In The Field—Conversations With Our Contributors: Christopher Gaumer

by Feb 25, 2025

Snake in the grass with its tongue out.

It’s always wonderful to have a graduate of our MFA program in Water~Stone! What sparked the creation of your poem, “On a Farm in Iowa?”

Hi, Jenn! It’s wonderful to be close to Hamline again through Water~Stone!

My family lived in Perry, Iowa until I was nine. My mom took my two older sisters and I to a farm just outside of town. I recall this being a trip where we were being given a bag of corn from church friends. At some point, we all stood in the long gravel drive beside a field of corn and watched a snake slowly consume a rather big frog. What I remember clearest is that the frog’s head was inside the snake’s mouth, the frog was not totally dead, and it took a very long time to swallow the frog. We maybe even left before the meal was complete.

The line, “old gravel road corn field killing, church friends,” lingers in my mind with this sharp edge. Can you talk about why you placed these phrases beside each other, and about the layered relationships that appear in this poem?

This is a description of the literal action of the moment and also, I realize, an image that begs one to draw more associations. This type of layering is why I love poetry. I crave ideas that are clear on the literal level and deeply suggestive. 

There’s a theme of consuming within this poem—the snake and the frog, the corn, Seth and the narrator. How did you develop this thread in your work? What other themes do you find that your work revolves around?

The honest answer is that I did not consider this theme during the writing or revising of this poem. This is how I like to work in general: revise until the poem is surprising and a bit beyond what I understand.

You teach at Randolph college. What is a piece of writing advice that you always give to your students?

Risk huge leaps of logic because they activate the reader’s imagination to invent narrative connections. 

What stories or books inspire you? Who are some of your favorite authors? 
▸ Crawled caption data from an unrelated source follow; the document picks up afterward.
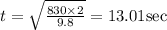 t=\sqrt\frac{830\times2}{9.8}=13.01\rm sec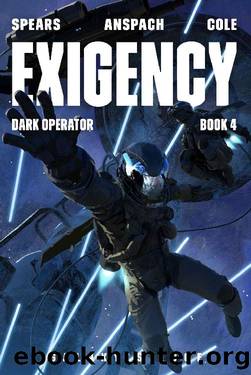 Exigency (Dark Operator Book 4) by Doc Spears & Jason Anspach & Nick Cole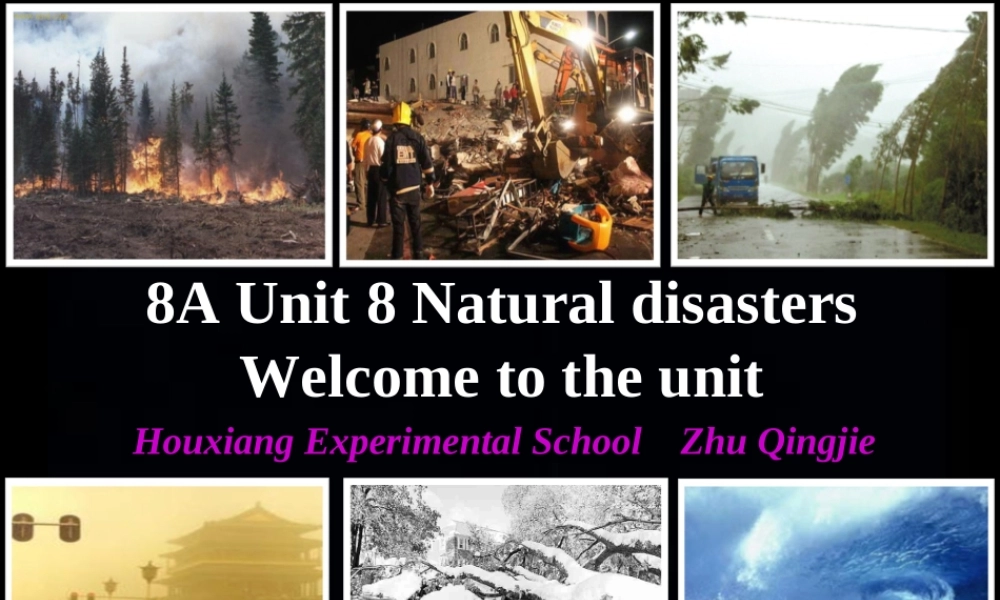 江苏省丹阳市后巷实验中学八年级英语上册《Unit 8 Natural disasters Comic strip and Welcome to the Unit》课件2.ppt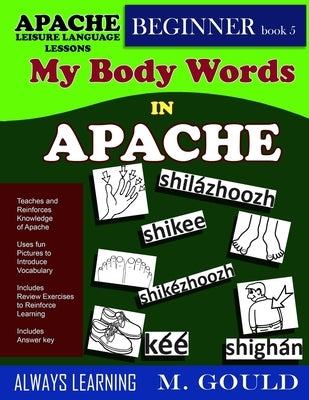 Apache Leisure Language Book 5: My Body Parts in Apache by Gould, Marc Wayne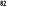 82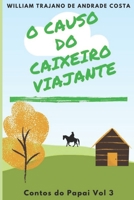 O Causo do Caixeiro Viajante (Contos do Papai) (Portuguese Edition) B087CVYPLT Book Cover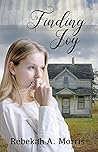 Finding Joy by Rebekah A. Morris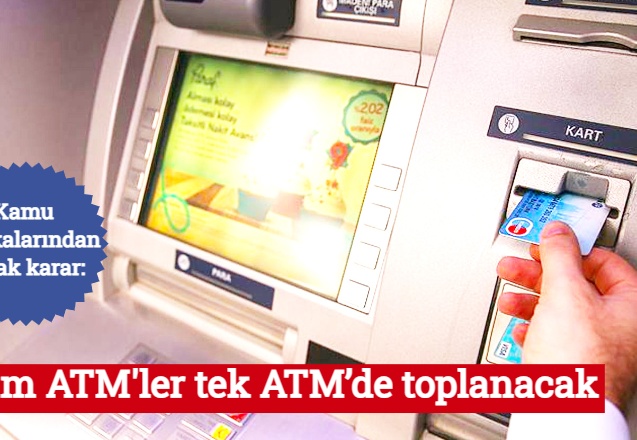 Kamu bankalarından ortak karar: Tüm ATM'ler tek ATM’de toplanacak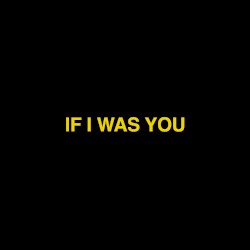 if I was YOU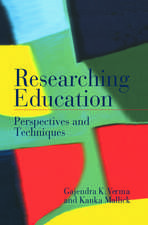 Researching Education: Perspectives and Techniques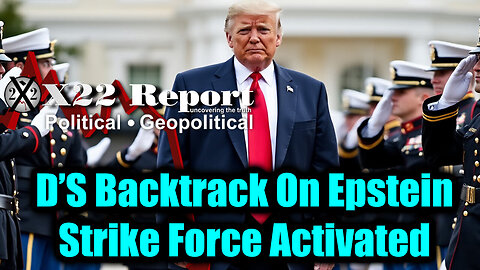 X22. D’S Backtrack On Epstein. 7-24-25-AT-7PM-CST-05-EST #TRUTH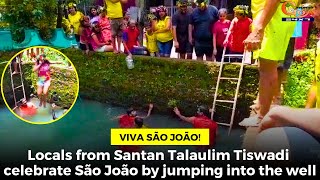 #VivaSãoJoão! Locals from Santan Talaulim Tiswadi celebrate São João by jumping into the well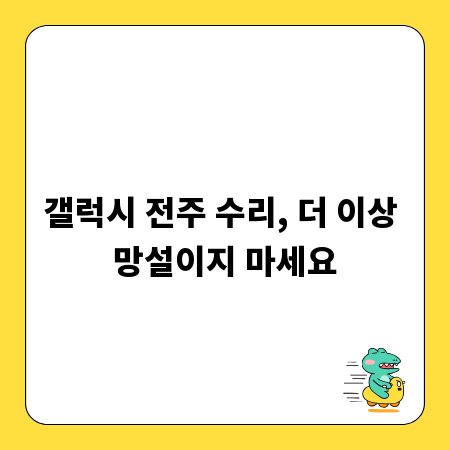 갤럭시 전주 수리, 더 이상 망설이지 마세요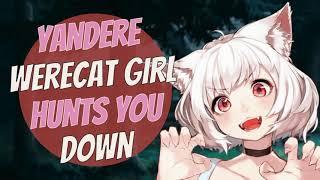 Yandere WereCat Girl Hunts You Down Silly Roleplay F4A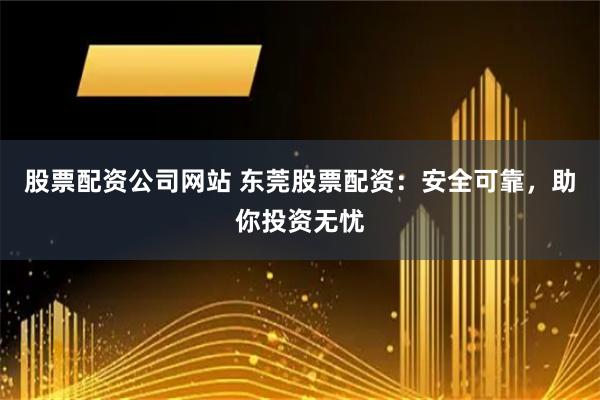 股票配资公司网站 东莞股票配资：安全可靠，助你投资无忧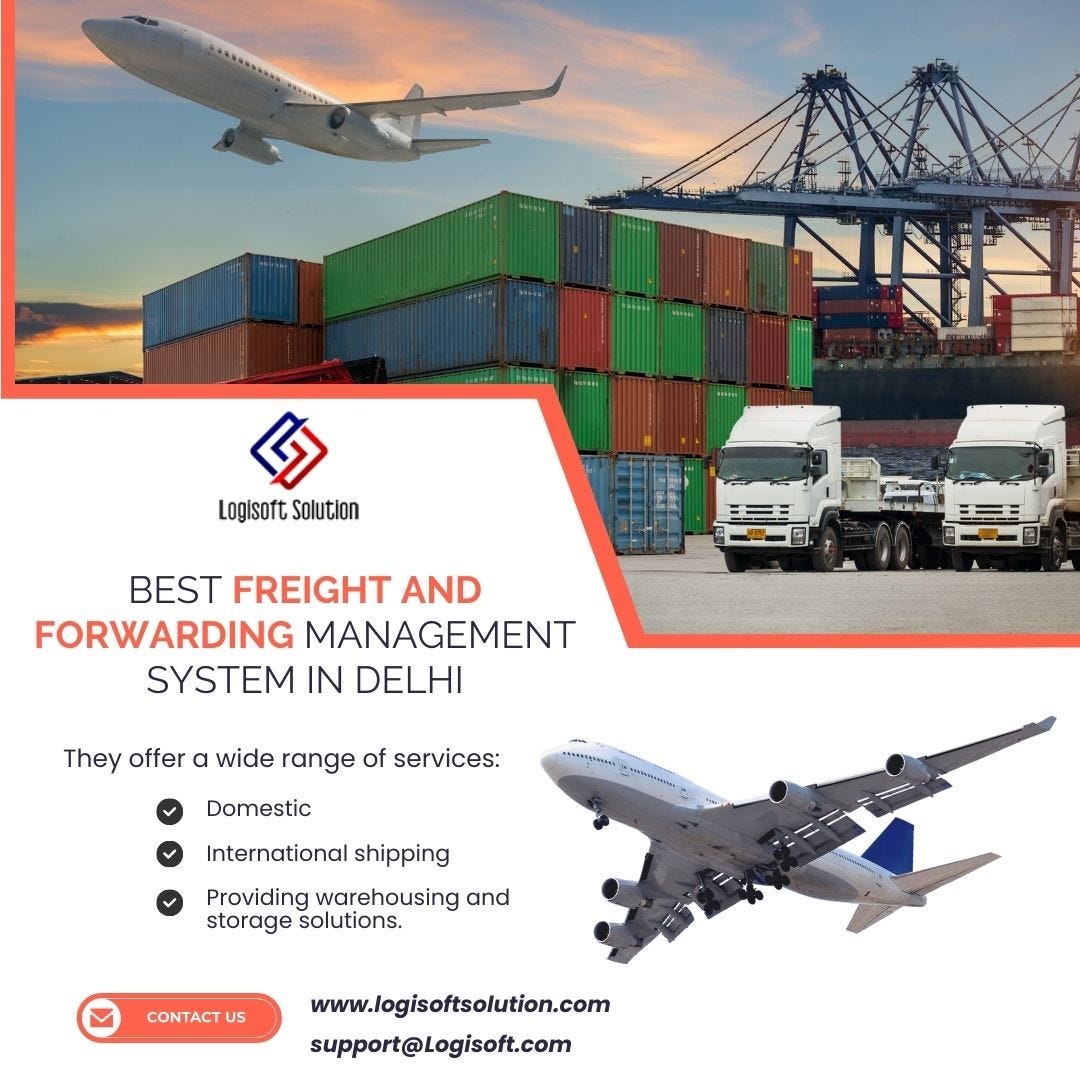 Best Freight And Forwarding Management System In Delhi Logisoft
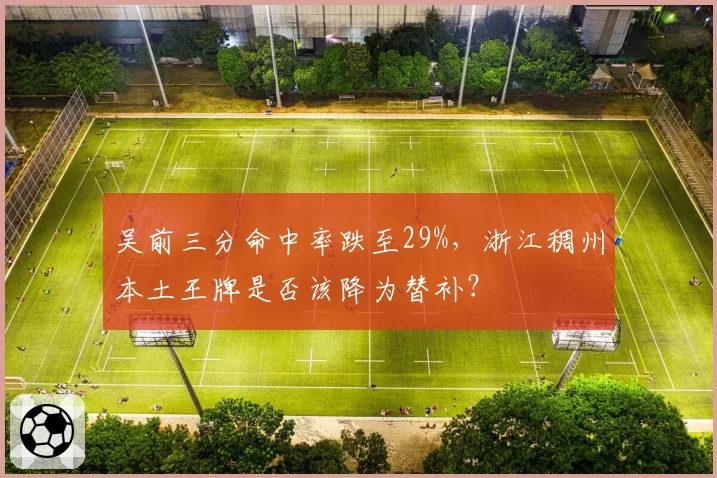 吴前三分命中率跌至29%,浙江稠州本土王牌是否该降为替补?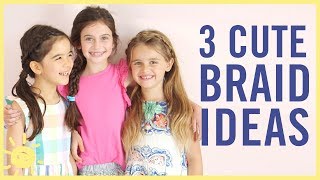 STYLE &amp; BEAUTY | 3 Cute Braids for Girls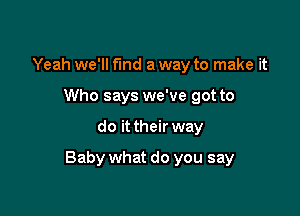 Yeah we'll fund a way to make it
Who says we've got to

do it their way

Baby what do you say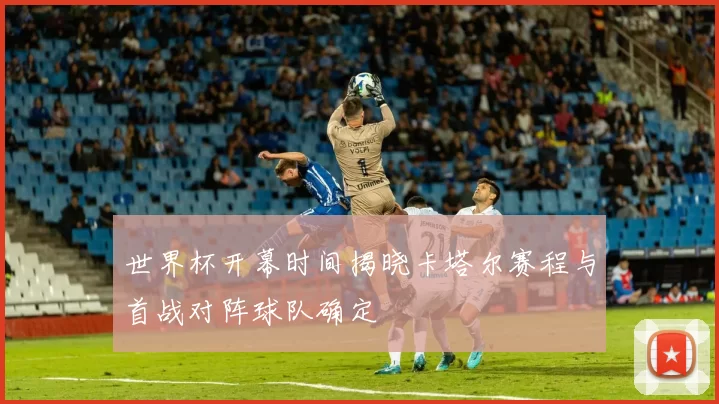 世界杯开幕时间揭晓卡塔尔赛程与首战对阵球队确定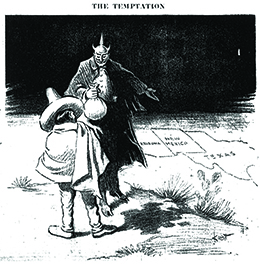 A cartoon entitled “The Temptation” shows the Devil holding a bag of coins and gesturing toward a place on the ground where a portion of a U.S. map—including Texas, New Mexico, and Arizona—is drawn. In front of him stands a man in Mexican dress.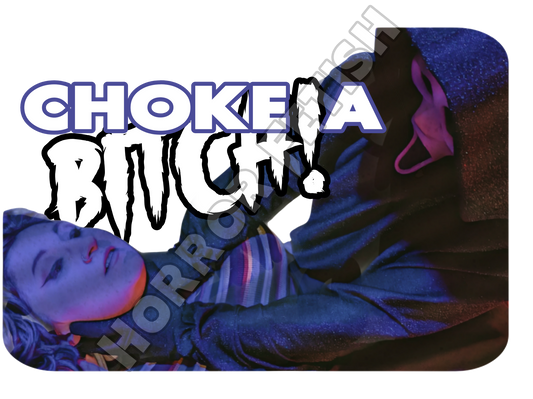 Choke a Bitch Ghostface Die Cut Glossy Waterproof Sticker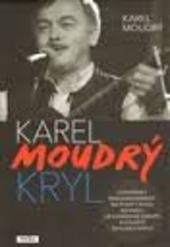 Kniha: Karel MOUDRÝ Kryl - Karel Moudrý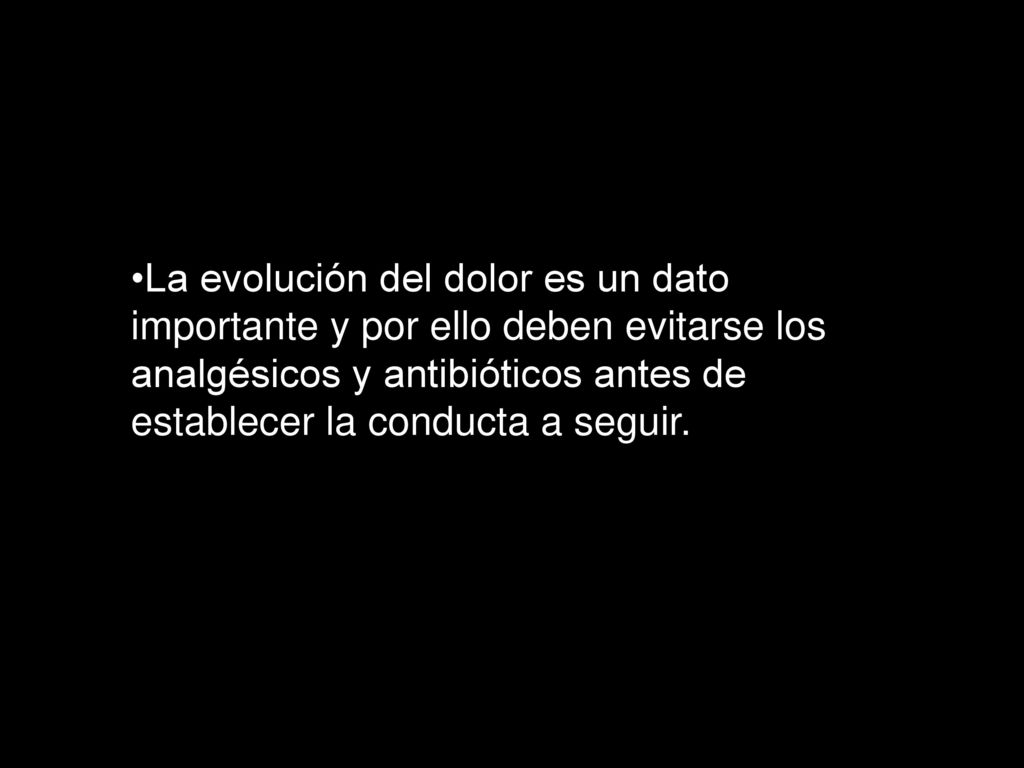La evolución del dolor es un dato importante y por ello deben evitarse los analgésicos y antibióticos antes de establecer la conducta a seguir.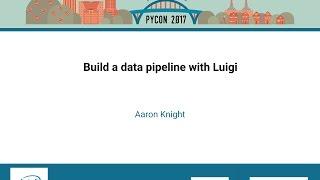 Aaron Knight   Build a data pipeline with Luigi   PyCon 2017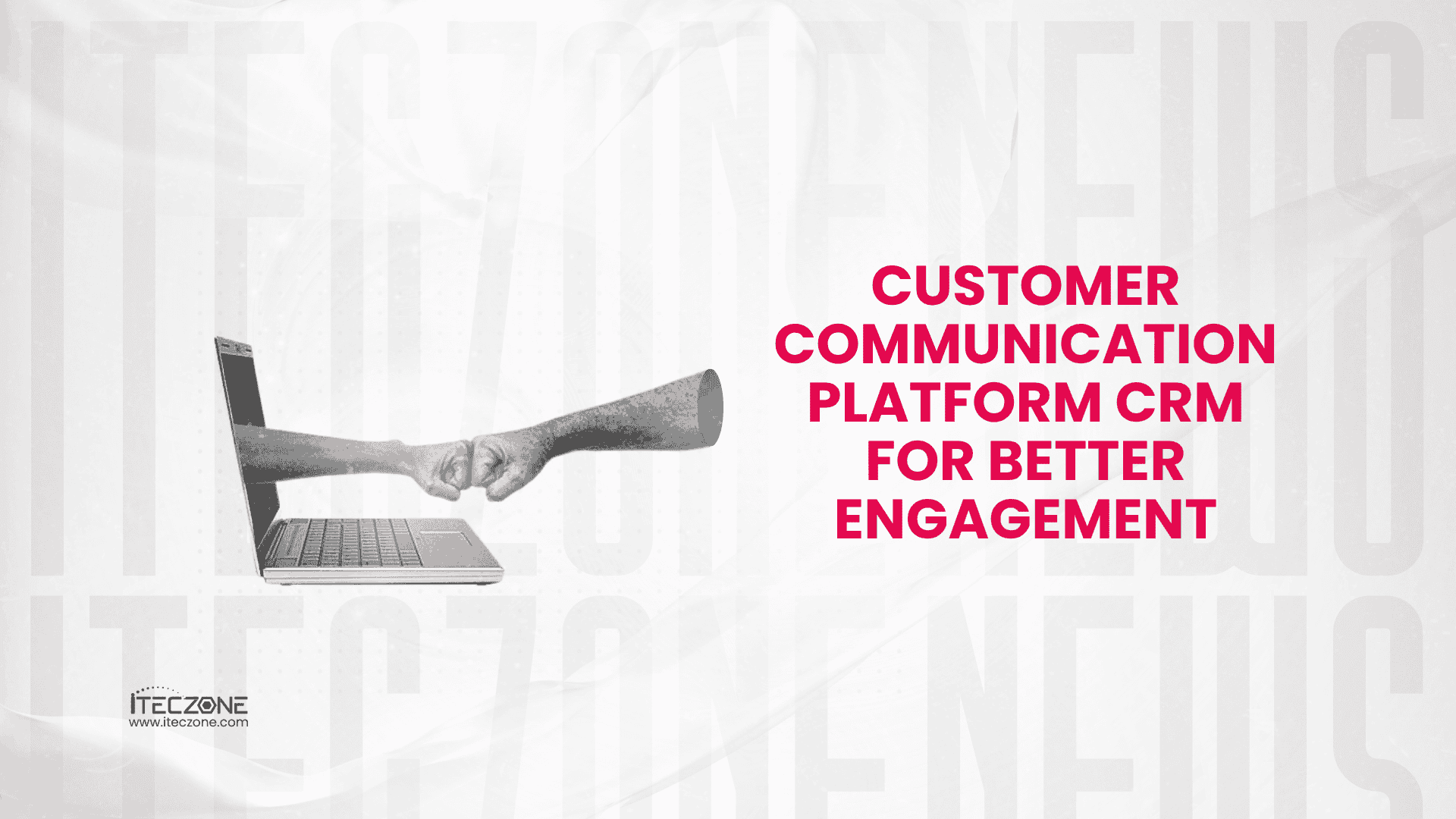 customer communication platform crm for better - iTecZone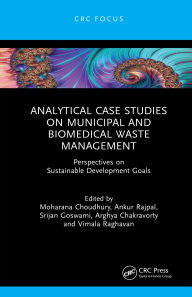 Title: Analytical Case Studies on Municipal and Biomedical Waste Management: Perspectives on Sustainable Development Goals, Author: Moharana Choudhury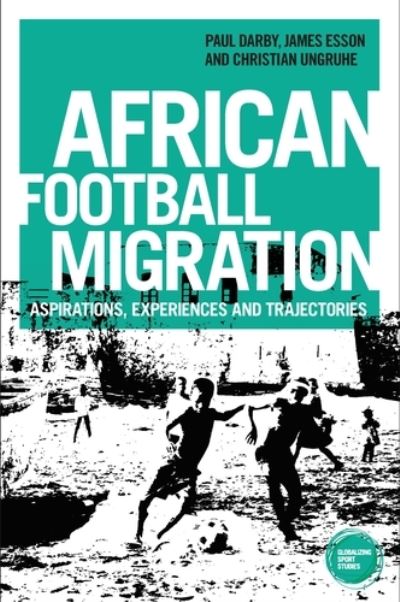 Cover for Paul Darby · African Football Migration: Aspirations, Experiences and Trajectories - Globalizing Sport Studies (Inbunden Bok) (2022)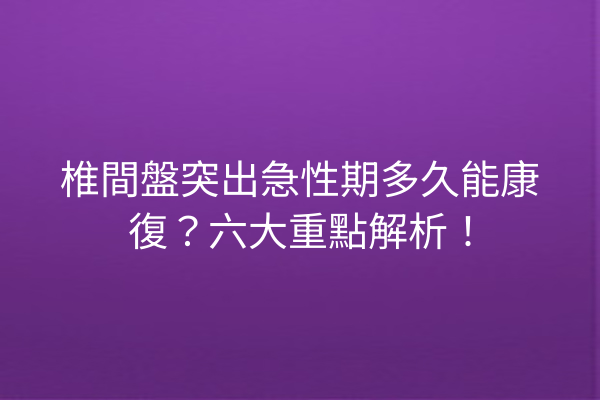 椎間盤突出急性期多久能康復？六大重點解析！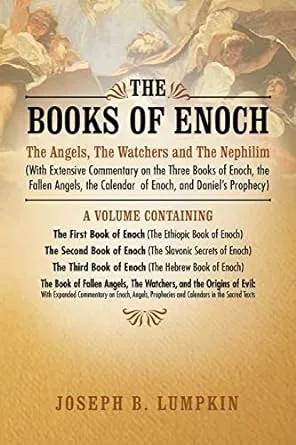 The Books of Enoch: The Angels, The Watchers and The Nephilim: (With Extensive Commentary on the Three Books of Enoch, the Fallen Angels, the Calendar of Enoch, and Daniel's Prophecy)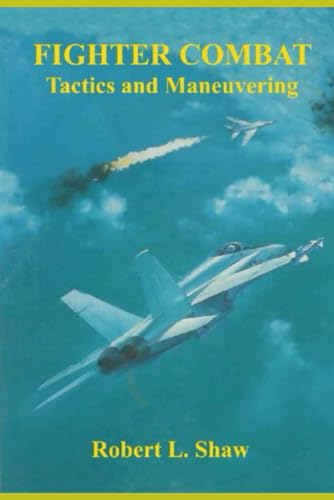 Fighter Combat: Tactics and Maneuvering von Independently published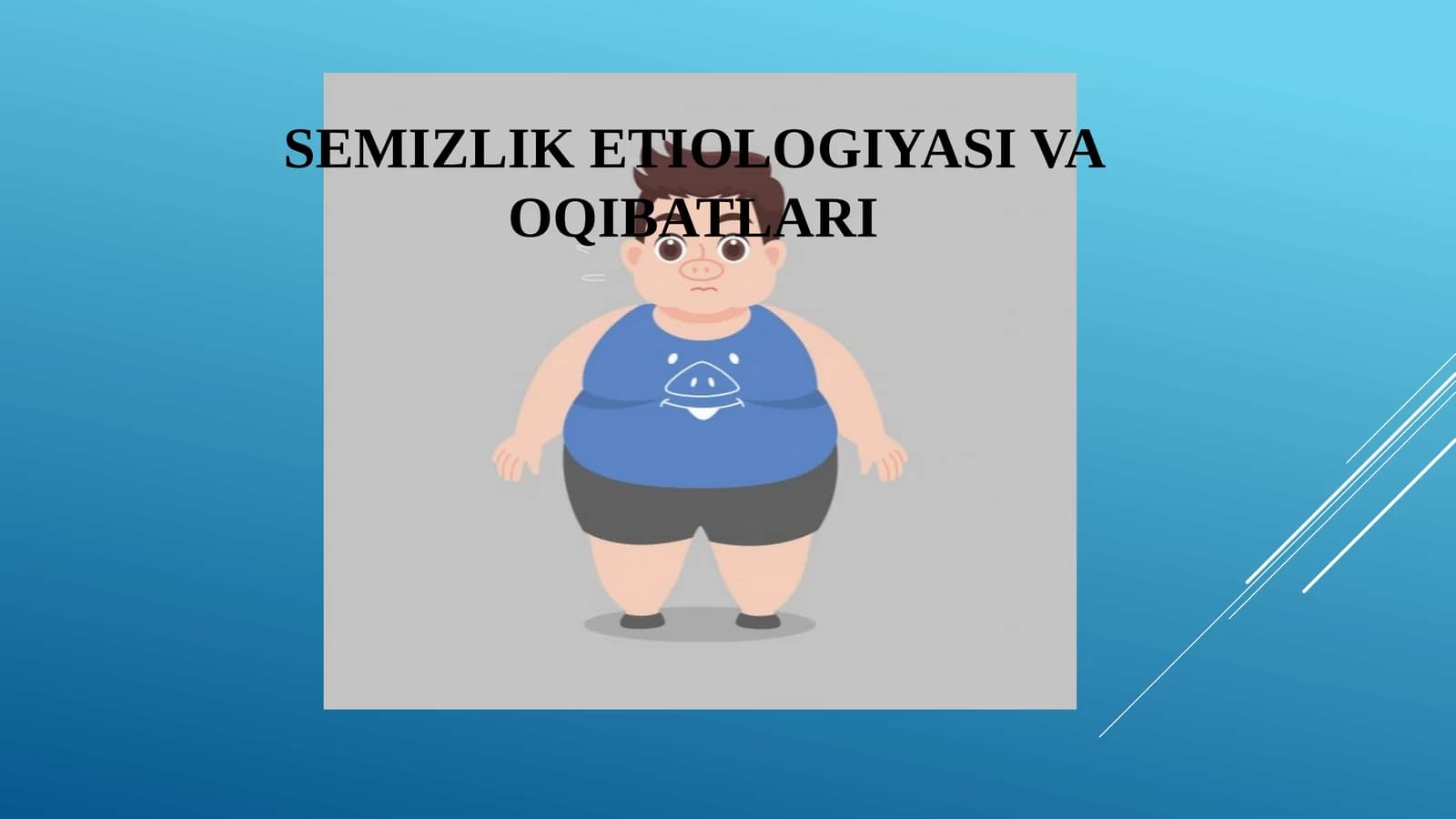 Semizlik etiologiyasi va oqibatlari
Bianca Stone, Diane Suess, Gary Dop, Karl Ove Knausgård

What are you currently working on?

I have a completed poetry manuscript titled M O N S T E R on submission. Writing wise, I’m working on a feature film script and ramping up, with a whole crew of people, to direct a music video for a band, New Boss, out of Charlottesville, VA. 

 

Christopher Gaumer‘s poetry and creative writing appear in The Southern Review, Sugar House Review, No Tokens, The Cortland Review, McSweeney’s and elsewhere. Gaumer won the 2019 Poetry Society of Vermont’s National Poetry Prize and has fiction in the Best Microfiction 2019 anthology. Gaumer writes and directs films and music videos. He is a founding director of the Randolph College MFA and a graduate of the Hamline University MFA program.